If it’s your first time screwing drywall into studs, you may be intimidated by the prospect. One question you may have is how deep drywall screws should go into studs.
Drywall screws should go half to three-fourths of the way into the studs. However, this depends on the length of your screws. In general, they should penetrate about 5/8 inch to 3/4 inch (1.59-1.9 cm) into the stud. If you push your screws in too deep, they may pop out of the drywall.
In this article, I’ll explain how to screw your drywall into studs and why you should never push your screws in too deep. By the time you’re done reading, you’ll have a better idea of how to approach your drywall hanging project. So, let’s get started.
How To Screw Drywall to Studs
Studs are a type of wall framing that form the “bones” of a wall.
They extend from the top to the bottom of a wall and serve as support for your drywall.
They’re generally made of wood, though they can occasionally be made of stainless steel as well.
As mentioned, you’ll be attaching your drywall to the studs in your wall.
Here’s how to do this:
- Find the studs. If you don’t already know where your studs are, you can use a stud finder for this task.
- Position your drywall against the studs.
- Decide where you’ll position the screws. Don’t position them too close to the edge of the studs, or you risk damaging the drywall.
- Using a drywall screw gun, start driving the screw into the drywall. As mentioned above, don’t push it in too deep. Initially, you’ll need to rely on the screw gun to tell you how deep the screw is going. However, if you hang a lot of drywall, you’ll develop a sense of the depth of the screw over time.
If you prefer a visual reference for screwing drywall to screws, you can also refer to this YouTube video:
What Screws To Use for Drywall
When screwing in drywall, you should have the right tools to do the job — and this includes having the correct screws.
You can buy drywall screws in different lengths, and the right length for your project depends on the thickness of your drywall.
Choose the screws meant for your drywall type. Otherwise, there’s a significant risk that you won’t screw in your drywall correctly.
The most common screw lengths are:
- 1 ¼ inch (3.17 cm) screws: These are meant to be used on ¼ inch (0.63 cm) or ½ inch (1.27 cm) thickness drywall.
- 1 5/8 inch (4.12 cm) screws: These should be used on ½ inch (1.27 cm) or 5/8 inch (1.58 cm) thickness drywall.
- 2-inch (5.08 cm) screws: These are for 5/8 inch (1.58 cm) thickness drywall.
The other major consideration to keep in mind is the gauge or diameter of your screws.
You can buy screws in a wide range of gauges/diameters.
However, drywall screws are either #6 or #8 – and, of those, almost all drywall screws are #6 screws.
When judging the gauge, a simple rule of thumb is “the smaller the gauge number, the thinner the screws.”
When choosing your screws, make sure you select both the right length and gauge.
Finally, you’ll also need to choose the right thread.

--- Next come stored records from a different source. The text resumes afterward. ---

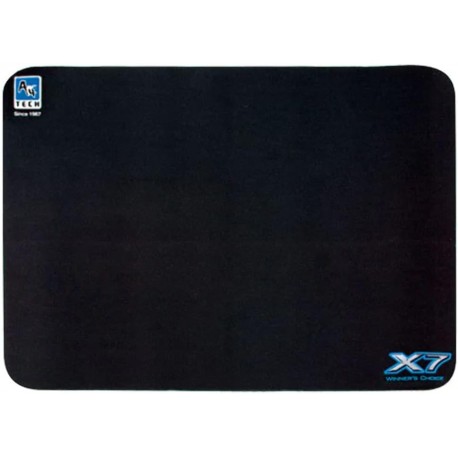 Mouse pad A4Tech X7-500MP, Negru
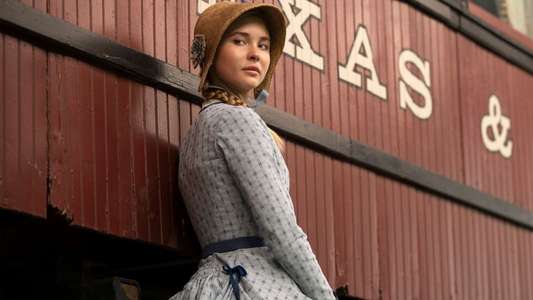 1883 - Backdrops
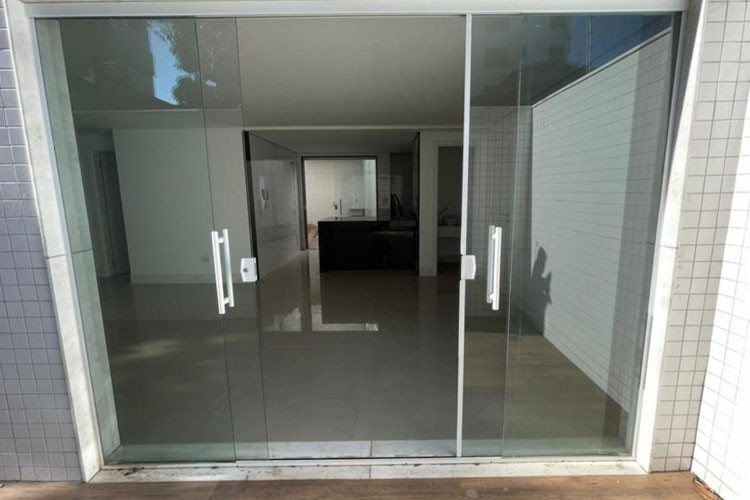 galeria-rodes10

The screw thread is basically the number of ridges on the length of the screw — the coarser the thread, the fewer the ridges.
You’ll need coarse thread screws for wooden studs and fine thread screws for metal studs.
Why You Shouldn’t Drill Screws Too Deep
As mentioned above, if you drill your screws in too deep, you risk the screws popping.
To understand why your screws pop when you drill them in too deep, you must first understand how your drywall works.
Drywall is made from the mineral gypsum.
The gypsum plasterboard forms the core of most drywall.
However, this plasterboard is covered on both sides with thick, durable paper.
Though this drywall paper may seem like the equivalent of plastic packaging, it’s actually essential to the drywall’s durability.
The gypsum is highly susceptible to moisture damage, so when that happens, you’ll need to replace your drywall much sooner than expected.
When you drill in your drywall screws too deep, you damage this drywall paper.
The screw depends on the paper to hold the drywall in place. If it’s drilled in too deep, the drywall will “pop” away from the screw.
This means that, though the screw will remain joined to the stud underneath, the drywall will no longer be attached to the stud.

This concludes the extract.